— TASK TO COMPLETE —
Please return all of the data exactly as written.

— THE DATA —
-------

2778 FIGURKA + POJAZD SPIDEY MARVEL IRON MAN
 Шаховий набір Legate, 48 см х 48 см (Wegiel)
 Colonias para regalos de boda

-------

— SOLUTION FOR THIS TASK —
2778 FIGURKA + POJAZD SPIDEY MARVEL IRON MAN
 Шаховий набір Legate, 48 см х 48 см (Wegiel)
 Colonias para regalos de boda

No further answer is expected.